The Enemy within – Bloatware

The Enemy Within

You are aware of security threats like virus, malware, etc… these threats are almost always handled by Google’s security framework. But I am going to talk about a different kind of security threats that you should be aware of; below I am going to explain certain kinds of attack on users privacy and data.

OEM pre-installed apps

 Most of the time the attack is not from outside but from inside, OEMs pre include many apps and services (some of them are hidden) that can silently steal data/personal information from your device. Many of the applications and services pre-included in the device also make the system vulnerable, as bugs this kind of apps can be exploited to get system privilege to malware. Our aim is to make the user aware of this type of stealth attacks put inside your devices.

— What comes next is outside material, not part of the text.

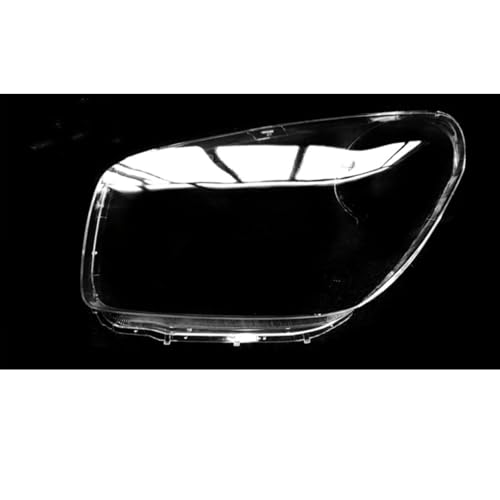 LJWAN Transparente Auto Front Scheinwerfer für Toyota RAV4 2004, Autoscheinwerfer Lampenschirm Autoscheinwerferlinse Abdeckung Scheinwerfer,Left von LJWAN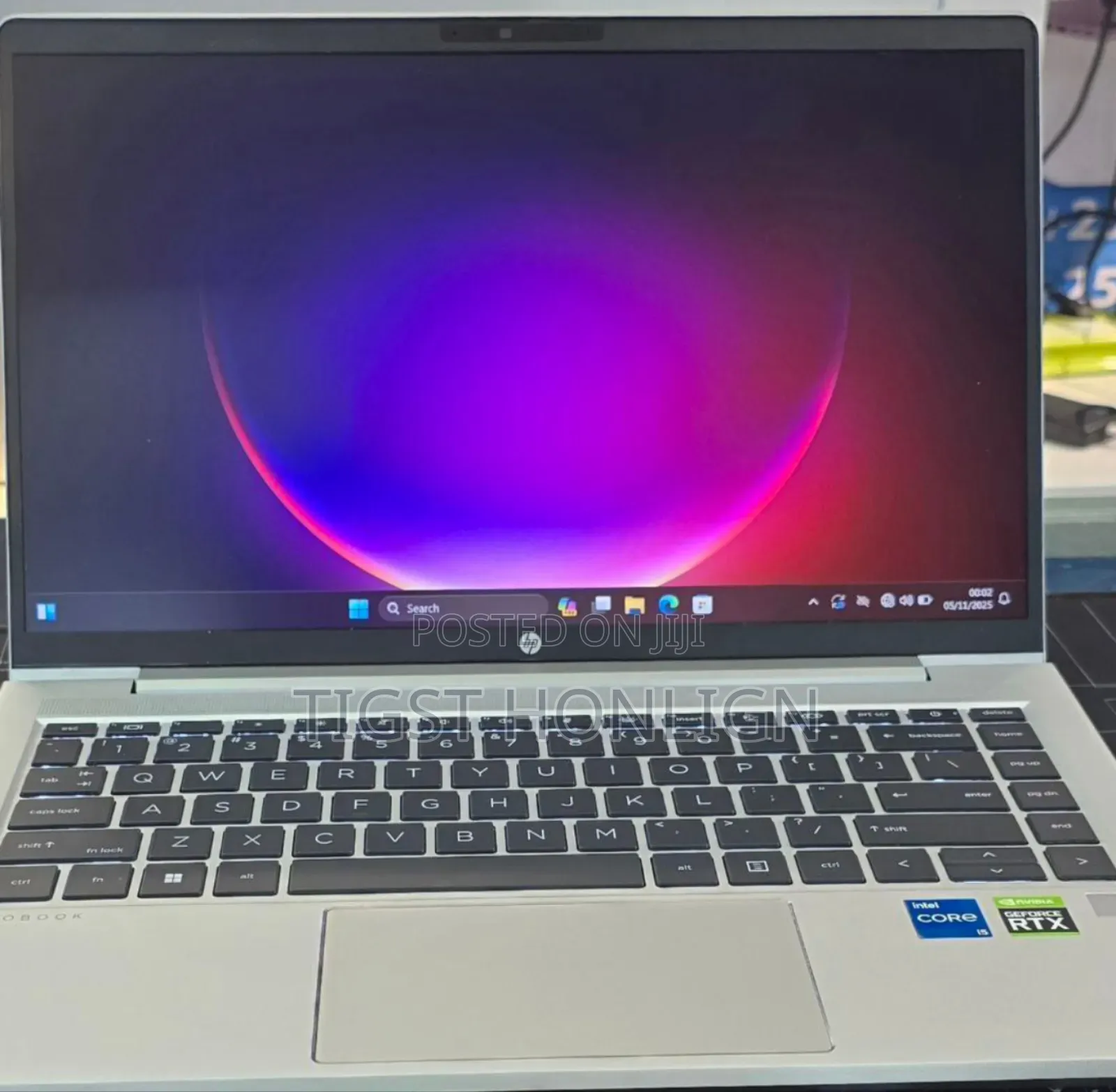 New Laptop HP Pavilion 14 16GB Intel Core I5 SSD 512GB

OEM Partner/ 3rd party Apps

 OEMs make money by including 3rd party/network operator apps in the device, but the user has no idea what all permissions it uses and what all security issues are involved. These apps are not in the play store so it is very difficult to get feedback from other users e.g see this link Pre-installed malware

System signed apps available in play store

OEMs can system sign an app and the app can be distributed through play store. This kind of apps can get system permission without any user acceptance. The screenshot below shows that the TeamViewer app installed from play store has got system permissions. You can see this application has got inject_events system permission and with this permission, the application can do many dangerous things like sending messages and making calls and also steal personal data. (We are not saying that team viewer app does this, but just showing you the potential problem with system signed apps in the play store.)

How can you identify threats and take actions
Popular apps such as package info allow you to identify apps that have dangerous permissions.

Once these permissions are identified you can go to android settings to disable them.

Another common practice used is Kiosking the Mobile device using the software. Kiosk Software creates a lockdown mode where no other applications can be installed. Android Kiosk is very commonly used in B2B.

Cloud-based EMM kiosk is more recent where the kiosk is achieved remotely using a Dashboard with few apps, commonly known as Dashboard Kiosk.